Heute ist der 19.04.2026 und die Welt der Kryptowährungen zeigt sich in einem neuen Licht. Institutionelle Investoren beginnen, sich ernsthaft mit digitalen Assets auseinanderzusetzen, was sich auch in einer aktuellen Umfrage von Nomura und Laser Digital in Tokio widerspiegelt. Über 500 Investmentfachleute in Japan wurden befragt, und die Ergebnisse zeigen, dass 31 % der Befragten eine positive Aussicht auf Kryptowährungen im kommenden Jahr haben – ein Anstieg im Vergleich zu 25 % im Jahr 2024. Diese positive Stimmung könnte darauf hindeuten, dass die Skepsis gegenüber digitalen Währungen allmählich schwindet.

Ein bemerkenswerter Aspekt der Umfrage ist, dass 65 % der Befragten Kryptowährungen als wertvollen Diversifikator für ihre Portfolios betrachten. Immer mehr Anleger erkennen die Möglichkeit, das Risiko ihrer Investitionen zu streuen und in volatile Märkte wie Krypto zu investieren. Besonders spannend ist, dass 79 % derjenigen, die in Kryptowährungen investieren möchten, planen, dies innerhalb der nächsten drei Jahre zu tun. Typischerweise liegen die erwarteten Allokationen zwischen 2 % und 5 %, was zeigt, dass die Institutionen vorsichtig, aber optimistisch an die Sache herangehen.

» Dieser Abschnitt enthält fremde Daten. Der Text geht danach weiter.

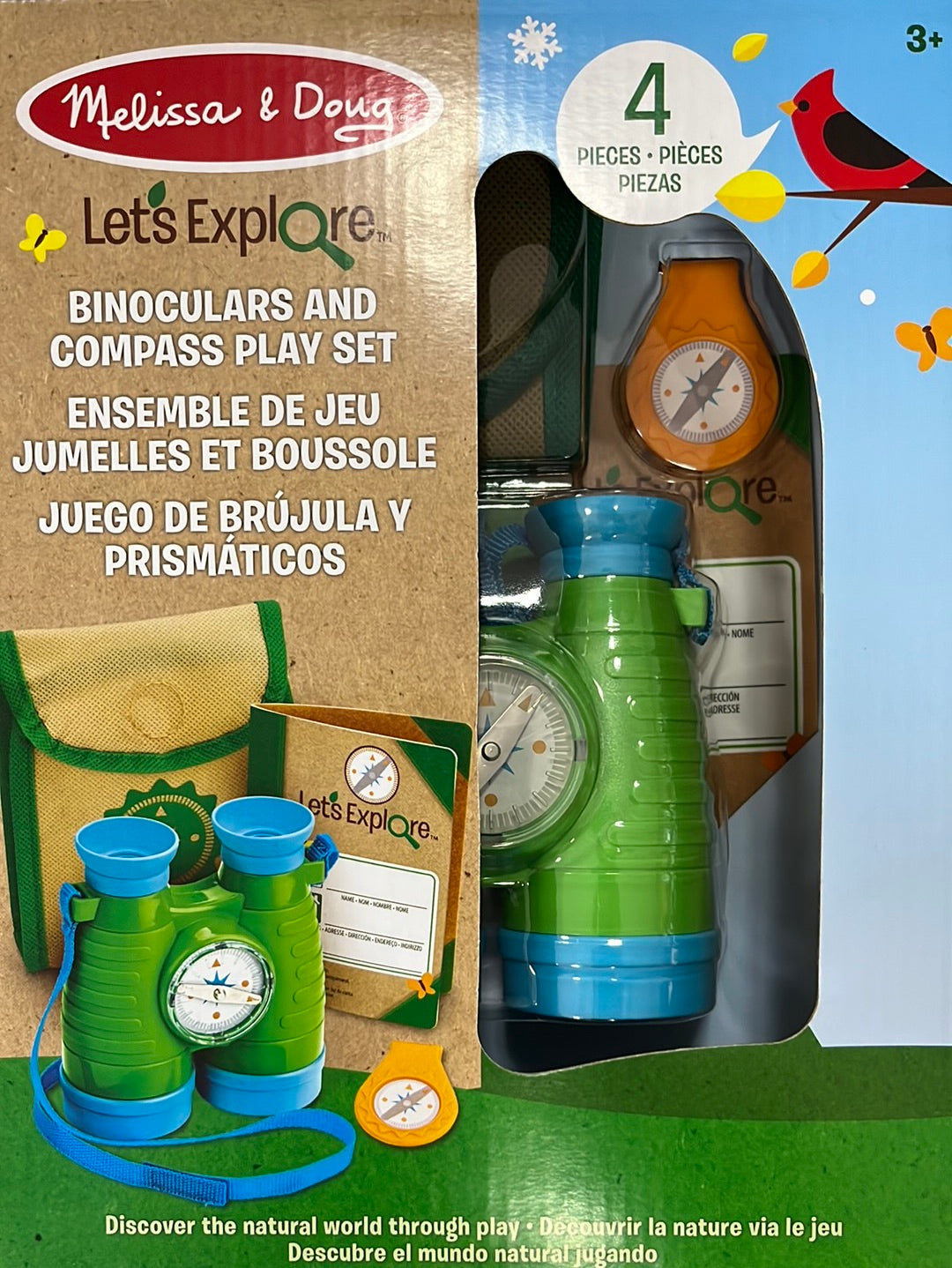 Let's Explore Binoculars & Compass Play Set – Learning Post & Toys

Regulatorische Veränderungen und neue Perspektiven

Ein entscheidender Faktor für diesen Wandel sind die sich verändernden regulatorischen und politischen Rahmenbedingungen in Japan, die im vergangenen Jahr verfeinert wurden. Die Klassifizierung, Besteuerung und der Anlegerschutz für Krypto wurden verbessert, was das Vertrauen der Investoren stärkt. Auch auf globaler Ebene sorgen klare Vorschriften und Genehmigungen für Krypto-Investitionsprodukte dafür, dass die Unsicherheiten abnehmen. Die Institutionen diskutieren zunehmend darüber, wie sie in Kryptowährungen investieren können, anstatt ob sie dies tun sollten.

Ein weiterer interessanter Punkt ist das gestiegene Interesse an ertragsgenerierenden Strategien. Über 60 % der Befragten haben Interesse an Staking, Kreditvergabe, Derivaten und tokenisierten Vermögenswerten bekundet. Auch Stablecoins gewinnen an Bedeutung, da 63 % der Befragten potenzielle Anwendungsfälle für diese digitalen Währungen identifizieren, beispielsweise im Treasury-Management oder bei grenzüberschreitenden Zahlungen. Diese Entwicklungen zeigen, dass Kryptowährungen nicht nur als spekulative Anlageform betrachtet werden, sondern auch als ernsthafte Möglichkeit zur Optimierung von Portfolios.

Bedenken bleiben – aber die Stimmung wandelt sich

Dennoch gibt es auch Hürden, die die Investoren im Auge behalten müssen. Bedenken hinsichtlich der Volatilität, Gegenparteirisiken und fehlenden Bewertungsrahmen sind nach wie vor präsent. Regulatorische Unsicherheiten bestehen weiterhin, haben sich jedoch verbessert, was den institutionellen Anlegern einen gewissen Spielraum gibt. Der Fokus verschiebt sich zunehmend von der Frage, ob in Krypto investiert werden soll, zur Frage, wie diese innovativen Technologien sinnvoll in bestehende Anlagestrategien integriert werden können.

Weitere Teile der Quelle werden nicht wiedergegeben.